32 The site of this place is now known as Ritri, on the south side of a small peninsula, which projects into the bay of Erythræ. The ruins are considerable.
33 On the south side of the bay of Smyrna. In Strabo's time this city appears to have been removed from Chytrium, its original site. Chandler found traces of the city near Vourla, from which he came to the conclusion that the place was very small and inconsiderable.
34 According to Nicander, this was a mountain of the territory of Clazomenæ, almost surrounded by sea.
35 Or "the Horses," originally four islands close to the mainland, off Clazomenæ.
36 This was probably the same causeway that was observed by Chandler in the neighbourhood of Vourla, the site of ancient Clazomenæ.
37 See B. ii. c. 91, where he speaks of this place as being swallowed up in the earth.
38 From Clazomenæ.
39 Now called Izmir by the Turks, Smyrna by the western nations of Europe; the only one of the great cities on the western coast of Asia Minor that has survived to the present day. This place stood at the head of the cities that claimed to be the birth-place of Homer; and the poet was worshipped here for a hero or demi-god in a magnificent building called the Homereum. There are but few remains of the ancient city: the modern one is the greatest commercial city of the Levant.

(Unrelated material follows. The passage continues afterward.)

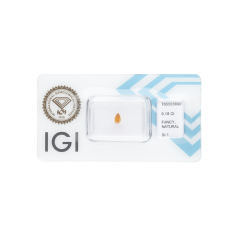 Natural Diamond 0,18 CT / Natural Fancy Intense Yellow Orange / Pear Modified Brilliant / SI1 / G - 24h Shipping!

40 Hardouin takes this to be the name of a town, but Ortelius and Pinetus seem to be more correct in thinking it to be the name of a mountain.
41 It does not appear that all these mountains have been identified. Cadmus is the Baba Dagh of the Turks.

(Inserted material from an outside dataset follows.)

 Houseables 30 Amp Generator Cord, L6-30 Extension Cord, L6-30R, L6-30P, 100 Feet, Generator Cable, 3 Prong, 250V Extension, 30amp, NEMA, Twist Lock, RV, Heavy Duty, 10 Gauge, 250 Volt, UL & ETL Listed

42 Mentioned in C. 29 of the present Book.
43 In the time of Strabo this tributary of the Hermus seems to have been known as the Phrygius.
45 The present Gulf of Smyrna.
46 Or the "Ants."
47 Probably so called from the whiteness of the promontory on which it was situate. It was built by Tachos, the Persian general, in B.C. 352, and remarkable as the scene of the battle between the Consul Licinius Crassus and Aristonicus in B.C. 131. The modern name of its site is Lefke.

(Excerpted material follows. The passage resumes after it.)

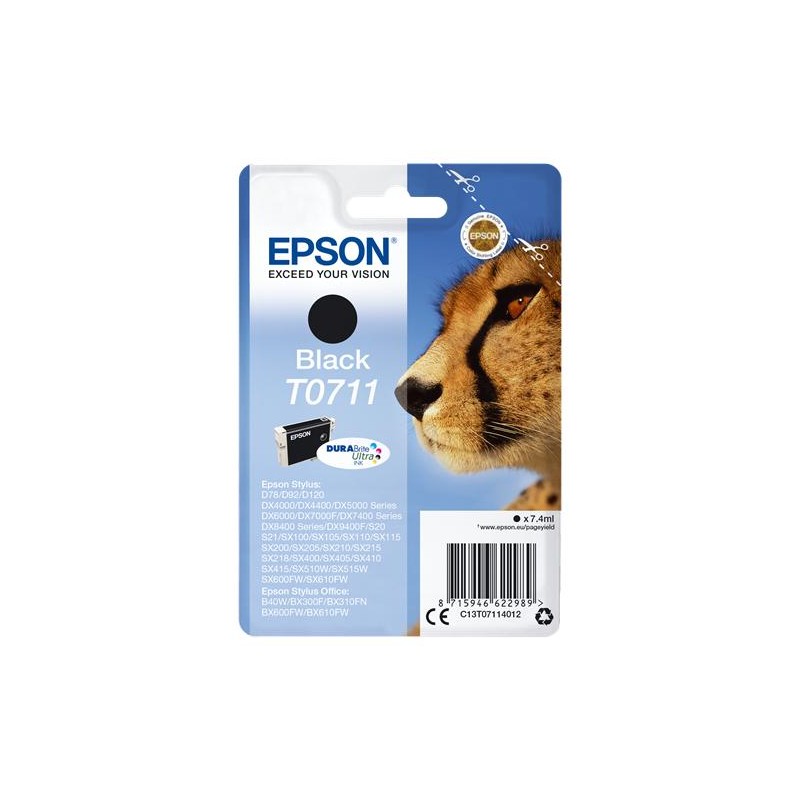 Epson inkoustová náplň/ T0711/ Singlepack T0711 DURABrite Ultra Ink/ Černá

48 Its ruins are to be seen at Karaja-Fokia or Old Fokia, south-west of Fouges or New Fokia. It was said to have been founded by Phocian colonists under Philogenes and Damon.
49 The people of Hyrcania, one of the twelve cities which were prostrated by an earthquake in the reign of Tiberius Cæsar; see B. ii. c. 86.
50 The people of Magnesia "ad Sipylum," or the city of Magnesia on the Sipylus. It was situate on the south bank of the Hermus, and is famous in history as the scene of the victory gained by the two Scipios over Antiochus the Great, which secured to the Romans the empire of the East, B.C. 190. This place also suffered from the great earthquake in the reign of Tiberius, but was still a place of importance in the fifth century.
51 The people, it is supposed, of a place called Hierocæsarea.
52 The people probably of Metropolis in Lydia, now Turbali, a city on the plain of the Caÿster, between Ephesus and Smyrna. Cilbis, perhaps the present Durgut, was their chief place.
53 A people dwelling in the upper valley of Caÿster.
54 Or Mysian Macedonians.
55 The people of Mastaura in Lydia. Its site is still known as Mastaura-Kalesi.
56 The people of Briula, the site of which is unknown.
57 The people of Hypæpæ, a small town of Lydia, on the southern slope of Mount Tmolus, forty-two miles from Ephesus. Under the Persian supremacy, the worship of Fire was introduced at this place. Arachne, the spinner, and competitor with Minerva, is represented by Ovid as dwelling at this place; he calls it on two occasions "the little Hypæpæ." Leake is of opinion that the ruins seen at Bereki belong to this place.
58 The people of Dios Hieron, or the "Temple of Jupiter." This was a small place in Ionia between Lebedus and Colophon. It has been suggested that it was on the banks of the Caÿster, but its site is uncertain.